It’s becoming increasingly clear that the economy is in the early stages of a recovery. Ignore the latest consumer confidence numbers (47.7 October Conference Board Consumer Confidence Index) and the unemployment rate (9.8% in Sept.) for a moment. Consumer confidence will recover as unemployment begins to show signs of easing – probably later this year into early next year. Employment is traditionally a lagging indicator. Businesses will only start hiring full-time employees when they have confidence that they will be able to keep them on.
The big question for companies is how they are preparing themselves for the recovery. A few thoughts as you prepare for the recovery:
- Slow times ahead. Most expect the recovery to be anemic. Many see a difficult road ahead for inflation, employment, pay/income, interest rates, taxes, and other economic pressures. Consider how this will impact your operations in the future – customer purchasing habits, available growth financing, etc.
- Changes for good. It may be difficult to separate the things that changed for the duration of the recession from those that changed permanently. For instance, some percentage of customers that switched brands due to lower-costs probably will not return. Customers that have learned to live without your product or service at all may not return. Either way, lost customers will need to be sold to again – just like new customers. You need to understand the fundamental shifts in your market.
- Sow what you reap. What you did during the recession will impact how you engage in the recovery. If you treated customers badly – cut customer service, etc. – those decisions can come back to haunt you. Lost customers may be lost forever.
- Don’t overreach. Be careful about overextending financially. Companies (and individuals) with resources may be tempted to buy up distressed assets. And it’s true that asset prices may represent the lowest prices we see in our generation; making this a real buying opportunity. However, sometimes those assets were distressed for a reason (they underperformed during lean times). They may not generate adequate cash flow for quite a while. Are you prepared to fund the operations, taxes, maintenance, and other costs until the asset can start producing? Does the asset really fit in your strategic plan? Or do you just feel like you should be buying because assets are perceived to be inexpensive? An apartment complex may appear to be cheap vs. 18 months ago, but if you don’t know how to operate an apartment complex and/or aren’t in that business, the overall investment may not make strategic sense.

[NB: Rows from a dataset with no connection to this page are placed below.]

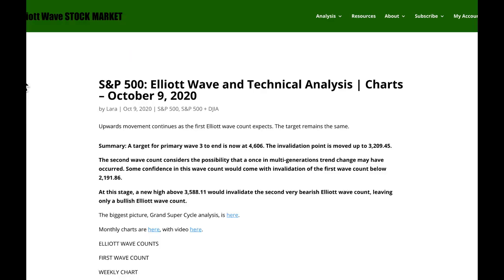That's all from me this week with your S&P analysis. I hope that all of our members are having a most fabulous weekend.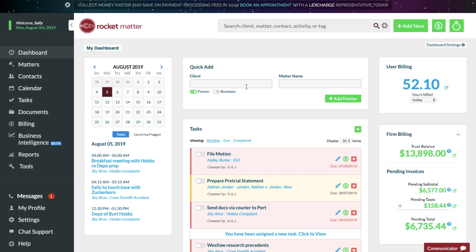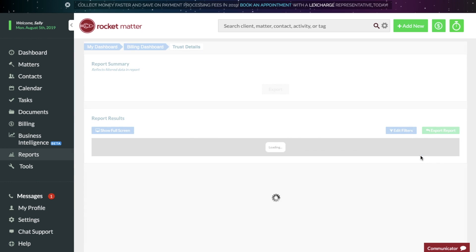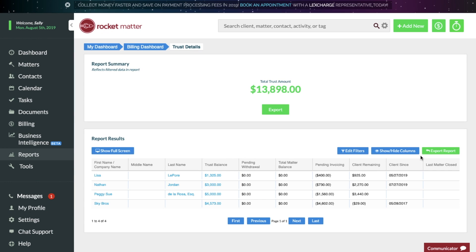Stay on top of your trust account with ease, right from your user dashboard. The Trust Details page is easily accessible and outlines exactly what you need to know. Access trust details including client contributions, pending invoicing, and client remaining balances.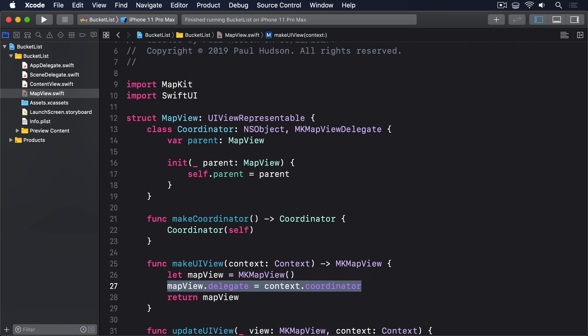That completes our configuration, which means we can now start adding methods that make our coordinator respond to activity in the map view. Remember, our coordinator is the delegate of the map view, which means when something interesting happens, it gets notified. When the map moves, when it starts and finishes loading, when the user was located on the map, when a map pin was touched, and so on.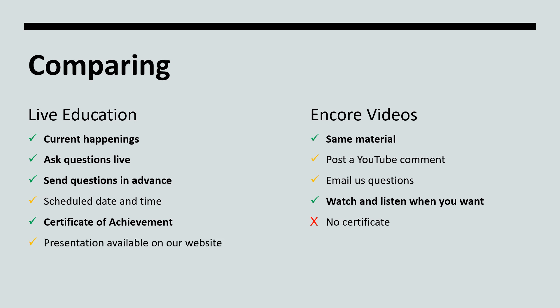Last, we do post presentations to our website before the live education occurs. This is available for you to download and save. We do remove the presentation from the live events page and move it to the encore page. The presentation will remain on the encore page for 60 to 90 days.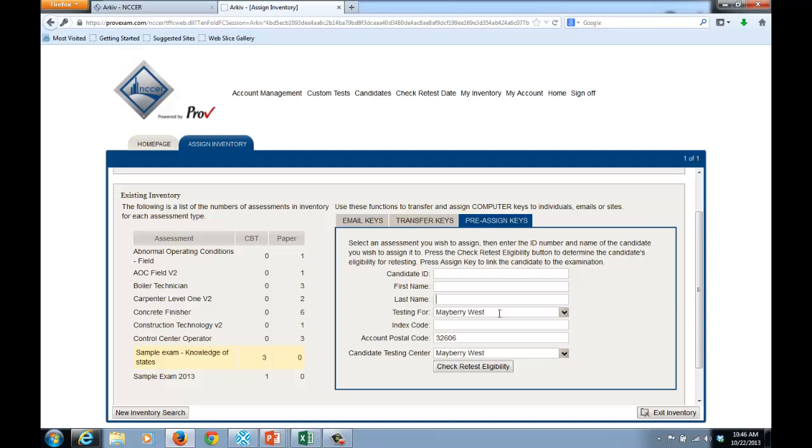Other information that's currently shown, Testing For, this is a field that's used to indicate the accredited assessment center for which the candidate is taking the test. We default that your particular assessment center is the one for which the test is being given.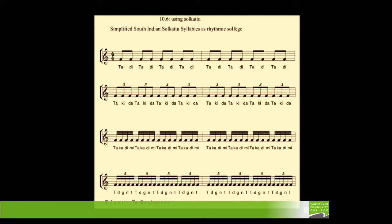If you look at the example, I've got eighth notes, and I subdivide the two bars of 4/4 into triplet eighth notes, then sixteenths, then quintuplet sixteenths. And you can speak these.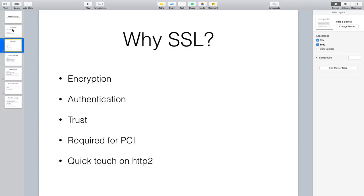So why SSL or HTTPS? Obviously encryption - anything over HTTP is essentially plain text. You could try to encrypt data on the client side, but that would be hugely problematic. Authentication - verifying and trusting who you're talking to. Chrome has been really good about making invalid certs extremely visible so you don't have a fake website pretending to be someone else. Also for PCI compliance, if you accept credit cards it has to be over HTTPS.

- You’re not alone. The competition will continue to be fierce. A bunch of hungry companies coming off a recession will be fighting for that business. Everyone wants to grow and get back to normalcy fast. You are not the only one. Marketing budgets will be ratcheting up quickly to increase market awareness. See today’s WSJ article about the swift increase in marketing in the technology sector – and among some well-known players like Microsoft and Google.
- Employee defections. Consider any new employees you may have hired during the last year or so. Did they join because they simply needed a job (any job) – or are they potentially longer-term employees? Look at your employee roster. Do any seem to be underemployed? Often as a recovery progresses, job opportunities start to develop and employee defections rise. Consider who is important to your business and start working on a plan to retain them.
- Links in your supply chain. How did your suppliers and other partners fair during the downturn? A few months ago they were all willing to bend over backwards to keep your business, weren’t they? How did you react? Don’t be surprised if over the next few months they begin to press you for more favorable terms?